Files
skyward-analysis-daemon/docs/database_utils.md

13 KiB
Raw Blame History

Database Utilities Grade Snapshot System

Overview

This module implements a ClickHouse-backed grade snapshot and diffing system. It ingests grade data from an external API, persists immutable snapshots, tracks stable entities (users, classes, assignments), and computes changes over time (new / updated / removed grades).

The design emphasizes:

  • Idempotent ingestion
  • Historical accuracy
  • Efficient change detection
  • Append-only semantics (ClickHouse-friendly)

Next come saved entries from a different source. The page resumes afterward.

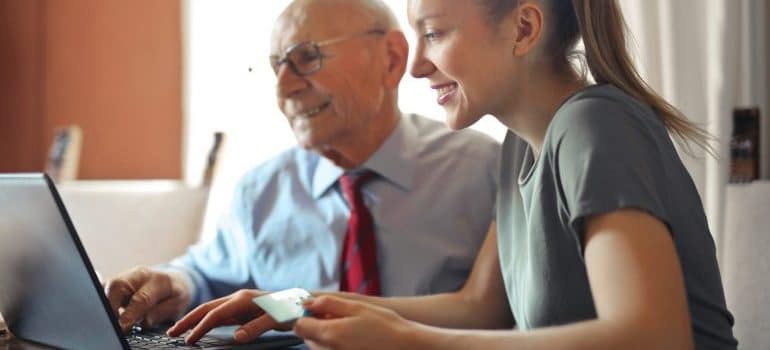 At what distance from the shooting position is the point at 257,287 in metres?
1.82

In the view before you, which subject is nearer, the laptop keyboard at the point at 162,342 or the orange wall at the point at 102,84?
the laptop keyboard at the point at 162,342

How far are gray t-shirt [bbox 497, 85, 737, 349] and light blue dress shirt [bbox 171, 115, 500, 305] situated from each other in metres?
0.61

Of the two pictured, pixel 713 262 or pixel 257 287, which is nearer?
pixel 713 262

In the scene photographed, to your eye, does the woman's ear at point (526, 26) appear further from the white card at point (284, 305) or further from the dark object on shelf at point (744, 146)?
the dark object on shelf at point (744, 146)

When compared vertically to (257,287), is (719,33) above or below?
above

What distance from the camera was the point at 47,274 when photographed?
3.30ft

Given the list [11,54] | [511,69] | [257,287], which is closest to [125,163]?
[11,54]

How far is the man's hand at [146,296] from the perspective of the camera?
51.1 inches

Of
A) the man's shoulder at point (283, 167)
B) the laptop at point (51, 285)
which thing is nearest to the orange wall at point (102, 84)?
the man's shoulder at point (283, 167)

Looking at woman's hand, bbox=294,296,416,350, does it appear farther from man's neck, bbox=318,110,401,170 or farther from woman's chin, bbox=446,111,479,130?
man's neck, bbox=318,110,401,170

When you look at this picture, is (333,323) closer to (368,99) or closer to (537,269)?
(537,269)

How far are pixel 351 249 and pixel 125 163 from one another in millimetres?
2007

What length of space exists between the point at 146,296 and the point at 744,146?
40.9 inches

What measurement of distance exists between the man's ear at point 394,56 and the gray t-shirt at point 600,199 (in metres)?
0.77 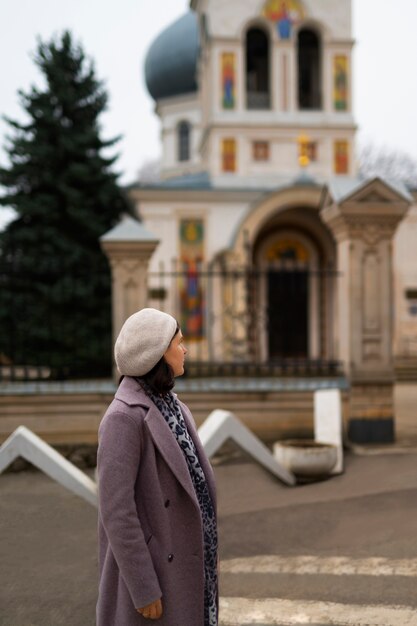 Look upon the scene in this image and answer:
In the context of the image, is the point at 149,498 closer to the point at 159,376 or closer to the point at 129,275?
the point at 159,376

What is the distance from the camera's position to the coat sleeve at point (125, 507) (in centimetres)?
234

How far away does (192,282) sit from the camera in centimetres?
1988

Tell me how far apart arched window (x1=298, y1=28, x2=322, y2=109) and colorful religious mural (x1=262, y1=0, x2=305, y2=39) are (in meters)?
0.67

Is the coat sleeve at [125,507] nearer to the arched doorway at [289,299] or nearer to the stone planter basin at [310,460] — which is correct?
the stone planter basin at [310,460]

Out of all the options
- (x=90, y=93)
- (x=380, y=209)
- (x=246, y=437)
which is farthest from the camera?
(x=90, y=93)

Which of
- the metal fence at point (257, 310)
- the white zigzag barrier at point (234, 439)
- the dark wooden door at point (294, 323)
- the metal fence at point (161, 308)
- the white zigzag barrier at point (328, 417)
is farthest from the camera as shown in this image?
the dark wooden door at point (294, 323)

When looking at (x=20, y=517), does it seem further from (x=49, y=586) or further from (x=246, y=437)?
(x=246, y=437)

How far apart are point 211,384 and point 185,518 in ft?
20.5

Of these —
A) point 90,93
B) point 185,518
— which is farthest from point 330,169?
point 185,518

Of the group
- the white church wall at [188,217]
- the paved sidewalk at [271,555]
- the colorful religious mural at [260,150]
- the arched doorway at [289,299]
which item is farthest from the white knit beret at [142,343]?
the colorful religious mural at [260,150]

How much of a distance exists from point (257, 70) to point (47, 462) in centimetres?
1926

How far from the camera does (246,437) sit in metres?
6.50

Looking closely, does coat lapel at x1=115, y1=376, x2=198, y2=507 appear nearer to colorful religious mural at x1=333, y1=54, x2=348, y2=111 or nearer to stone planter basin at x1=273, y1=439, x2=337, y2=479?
stone planter basin at x1=273, y1=439, x2=337, y2=479

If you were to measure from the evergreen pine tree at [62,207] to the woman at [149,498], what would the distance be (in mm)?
13782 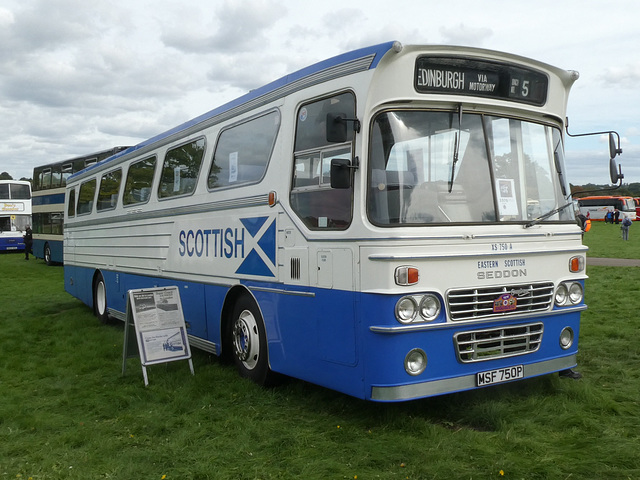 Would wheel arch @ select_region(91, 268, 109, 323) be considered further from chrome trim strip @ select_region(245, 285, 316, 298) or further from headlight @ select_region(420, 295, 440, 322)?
headlight @ select_region(420, 295, 440, 322)

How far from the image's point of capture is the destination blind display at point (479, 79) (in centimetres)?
568

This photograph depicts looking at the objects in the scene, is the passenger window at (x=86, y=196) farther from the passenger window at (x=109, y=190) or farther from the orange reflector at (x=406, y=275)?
the orange reflector at (x=406, y=275)

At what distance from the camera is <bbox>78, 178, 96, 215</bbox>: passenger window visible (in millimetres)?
13680

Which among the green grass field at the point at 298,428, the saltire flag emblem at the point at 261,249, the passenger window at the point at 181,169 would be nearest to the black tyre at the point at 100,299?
the passenger window at the point at 181,169

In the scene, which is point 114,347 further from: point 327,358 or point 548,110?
point 548,110

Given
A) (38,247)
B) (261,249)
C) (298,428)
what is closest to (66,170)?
(38,247)

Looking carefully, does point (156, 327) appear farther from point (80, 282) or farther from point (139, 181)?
point (80, 282)

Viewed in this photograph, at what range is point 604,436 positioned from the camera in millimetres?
5309

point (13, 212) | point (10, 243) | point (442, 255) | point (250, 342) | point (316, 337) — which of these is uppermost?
point (13, 212)

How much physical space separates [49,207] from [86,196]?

All functionality lives in the database_utils namespace.


Core Concepts

1. Stable Entities vs Snapshots

Concept Description
User A logical account
Class A course belonging to a user (stable across time)
Assignment A specific graded item within a class (stable across time)
Snapshot (response) A point-in-time capture of all grades returned by the API
Grade history Per-assignment grades linked to a snapshot
Diffs Computed changes between two snapshots

Stable entities are created once and reused. Snapshots are immutable and time-ordered.


UUID Utilities

parse_uuid(string) → UUID

Parses a standard UUID string (xxxxxxxx-xxxx-xxxx-xxxx-xxxxxxxxxxxx) into ClickHouses UUID { high, low } format.

  • Validates format
  • Throws on malformed input
  • Used everywhere UUIDs enter the DB

uuid_to_string(UUID) → string

Converts ClickHouse UUIDs back into standard string format.


Date Handling

parse_date_to_clickhouse(string) → uint16_t

Converts an API date string (YYYY-MM-DD) into ClickHouse Date format (days since Unix epoch).

  • Empty or invalid dates → epoch (0)
  • Logs parsing failures instead of throwing

Database Handle

using CHClient = std::shared_ptr<clickhouse::Client>;

All functions accept a shared ClickHouse client to allow:

  • Connection reuse
  • Thread-safe sharing
  • Easy dependency injection

User Operations

get_all_users()

Returns all users with:

  • user_id
  • username
  • password

Primarily for administration/debugging.


register_user(username, password)

Inserts a new user row.

⚠️ Note: Passwords are currently stored in plaintext. Hashing should be added before production use.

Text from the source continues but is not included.